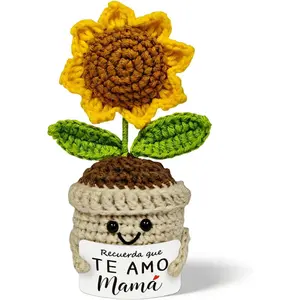 New Handcrafted Realistic Knitted Floral Ornament: Crocheted Potted Sunflower, Rose, and Apple Blossom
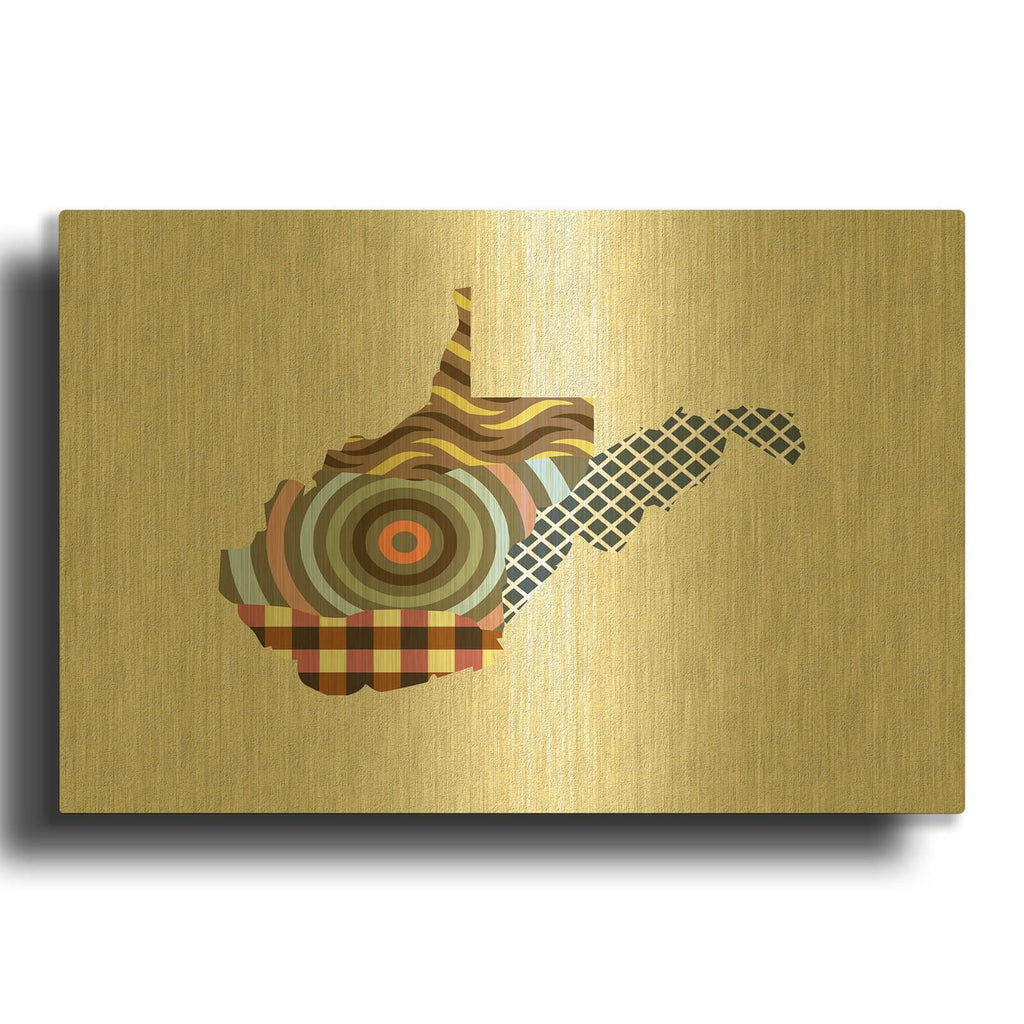 'West Virginia State Map' By Lanre Adefioyue Gold Metal Wall Art
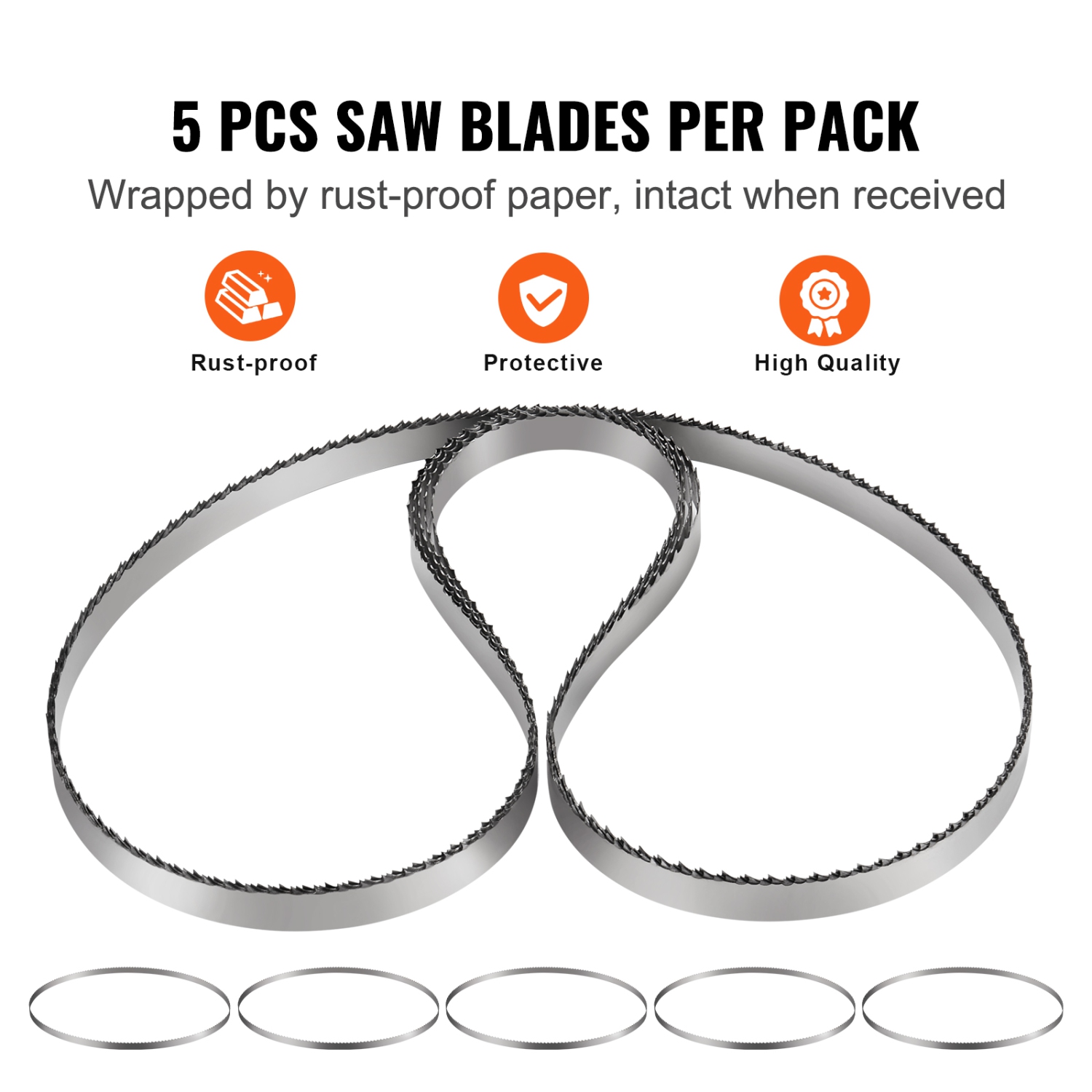 VEVOR 51.2x0.63x0.02 in Band Saw Blade, 5 PCS/Pack Meat Bandsaw Blades for Replacement, Carbon Steel Blade, Blade Wrapped by Rust-Proof Paper, Fit
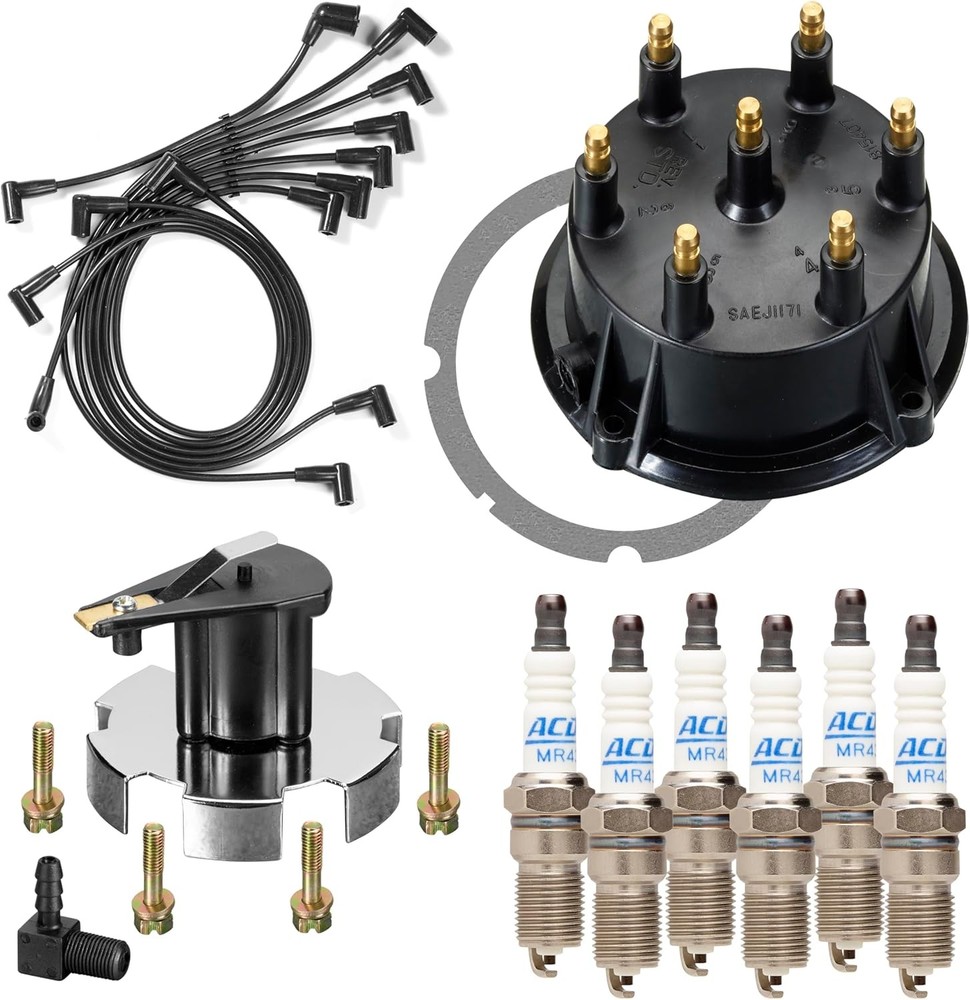 Mercruiser Thunderbolt 4.3 L V6 DISTRIBUTOR CAP ROTOR SPARK PLUG WIRES KIT SET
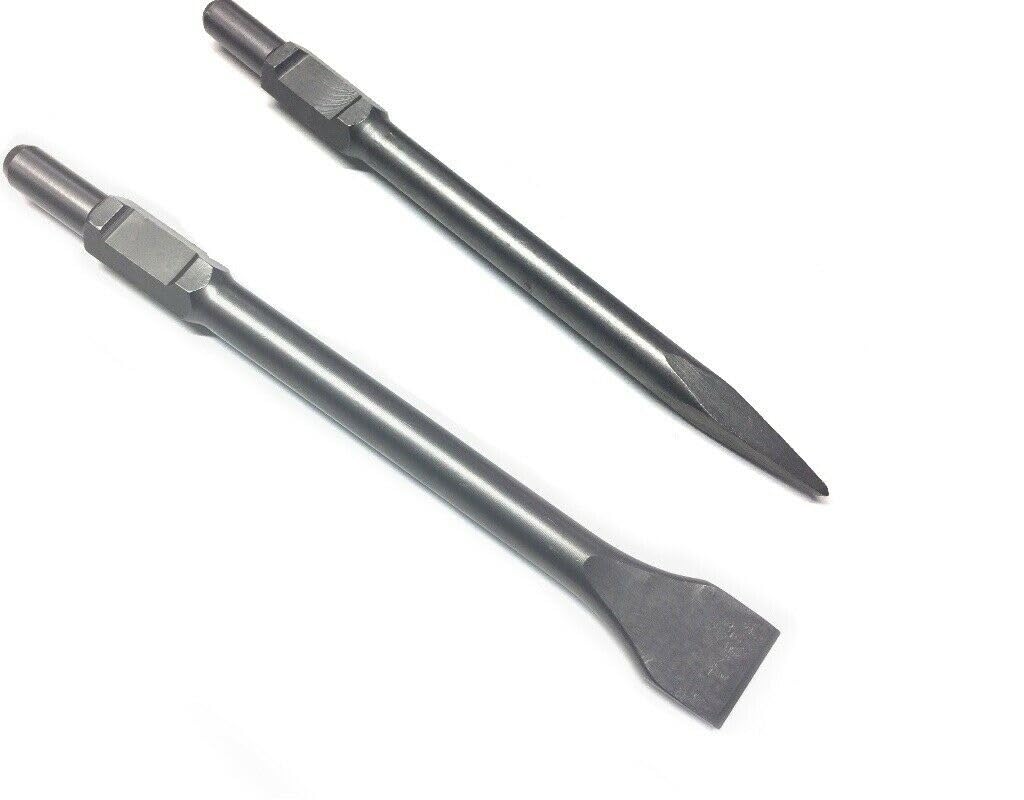 WERHE Professional SDS Hex Chisel Set 30 50 x 410 mm Cold Pointed Socket Flat Wide for Demolition Hammer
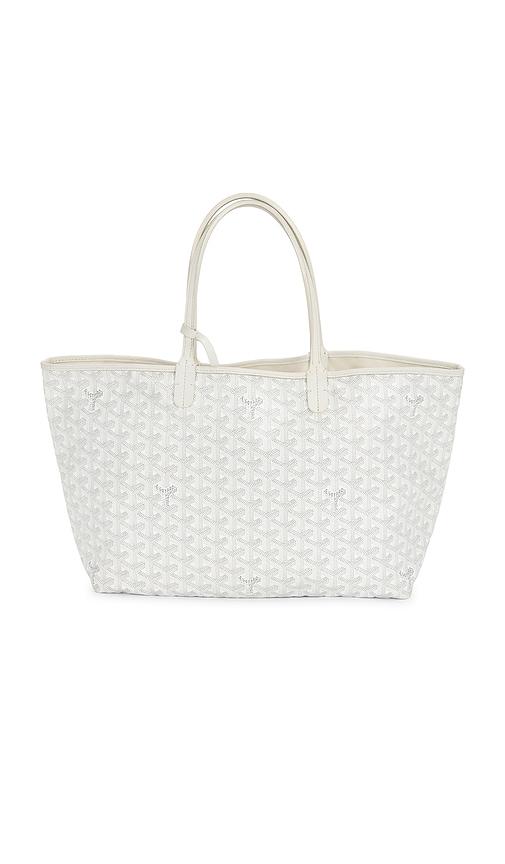 fwrd renew goyard saint louis pm tote bag in white.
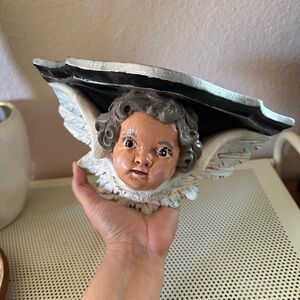 Cherub Wall Shelf in White and Black with Hand-Painted Face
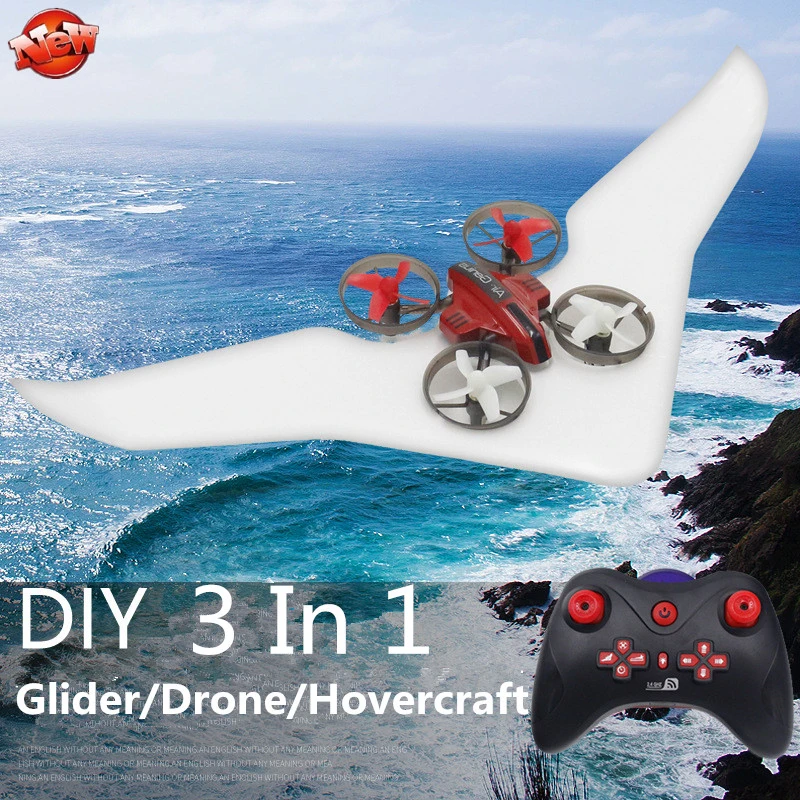 Наземное Вождение за пределами Fly RC Квадрокоптер модель мальчик подарок 3 в 1 Режим Land Sky дистанционное управление RC Дрон на воздушной подушке фиксированное крыло планер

------

** Description of the task **
Print, please, exactly the lines from the one holding "fwrd renew goyard" through the final line of the data, both included, while leaving out each picture.

** Response below **
 fwrd renew goyard saint louis pm tote bag in white.
 Cherub Wall Shelf in White and Black with Hand-Painted Face
 Наземное Вождение за пределами Fly RC Квадрокоптер модель мальчик подарок 3 в 1 Режим Land Sky дистанционное управление RC Дрон на воздушной подушке фиксированное крыло планер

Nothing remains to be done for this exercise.